An icy plunge for new parents Adults who become parents are usually challenged by their new role, with its responsibilities and anxieties. New parents also face previously unexplored values and attitudes that surface suddenly upon the birth of their baby, as well as new routines and new problems that need an immediate answer. Such challenges often elicit a heightened emotional response, so that mundane matters suddenly make for excessive worry (who among us hasn't heard from the parents of an infant who hasn't had a bowel movement in two days?).

Other experiences quickly come, too, and add internal upset. The new mother is exhausted and feels—almost literally—consumed by her constantly hungry infant. The new father is dismayed at his wife's physical and emotional unavailability as she keeps her focus on the baby. Both must reset priorities of time, energy, and resources and balance home and work responsibilities. Both become aware that even more challenging child-rearing tasks and risks lie ahead: How will I protect my child from my own occasional frustrations, anger, and irritability? How can I avoid overindulging, yet set limits that are fair? How do I provide appropriate praise yet correct unwanted behavior? How do I allow my child time and space for play, yet teach cooperation and respect?

Clearly, enormous change has come into two people's lives.

You, Doctor, can help!

One way that you can help parents, of course, is to provide child-development information and child-rearing strategies.
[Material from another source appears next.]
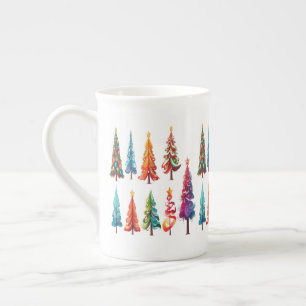 Colorful Christmas Trees Bone China Mug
Another is to guide them toward an understanding of their past—especially the relationship they had with their parents and how it influences their patterns of behavior today. Self-understanding for parents comes through a long process, in which they review their upbringing on their own and with their spouse or relatives, friends, and other parents and professionals.1 Counseling skills aren't usually taught during medical training, but many experienced pediatric clinicians know how important these skills are in helping parents understand themselves and their long-term role.

Problems arise for parents when experiences, attitudes, and fears carried forward from their upbringing lead them to respond inconsistently or behave inappropriately toward their child.2,3 When parents direct excessive anger, withdraw, use sarcasm and harsh criticism, or direct sharp orders toward their child, they upset, confuse, and, ultimately, damage that child. Once parents know the origins of their attitudes, however, they can learn to develop appropriate responses to their child. Reflection and self-exploration, inspired at opportune moments by your involvement, are key to change.
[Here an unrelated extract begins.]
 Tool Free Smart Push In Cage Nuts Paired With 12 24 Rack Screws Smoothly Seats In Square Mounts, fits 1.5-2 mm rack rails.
A good place for a parent to begin is with stimulating questions, such as those in the Guide for Parents that has been posted at www.contemporarypediatrics.com/contpeds/article/articleDetail.jsp?id=156681 and is adapted from the work of Siegel and Hartzell.1 At an office visit, you can raise an appropriate question to link the past to the present in a way that helps the parent be more self-aware. The most important questions address parents' attitudes and values, especially as they relate to their own childhood and the way in which they were raised. Example: Growing up in an overly strict or harsh family, or one that lacks emotional warmth, may program a child to recreate the same family style when he (or she) becomes a parent. Research shows, however, that parents who have taken care to review their upbringing, have considered which aspects were positive and which were not, and have decided how they would like to raise their child are much less likely to repeat maladaptive patterns learned from their parents.4

Examining the evidence Attachment theory and research offers a useful frame of reference for understanding intergenerational attachment, and can be applied to promoting parental self-understanding as part of pediatric health supervision.5 The theory is that of English psychiatrist John Bowlby, who, in 1969, put it forward to explain the nature of a child's relationship to his parents and what happens to an infant when he experiences significant separation from them or other primary attachment figures.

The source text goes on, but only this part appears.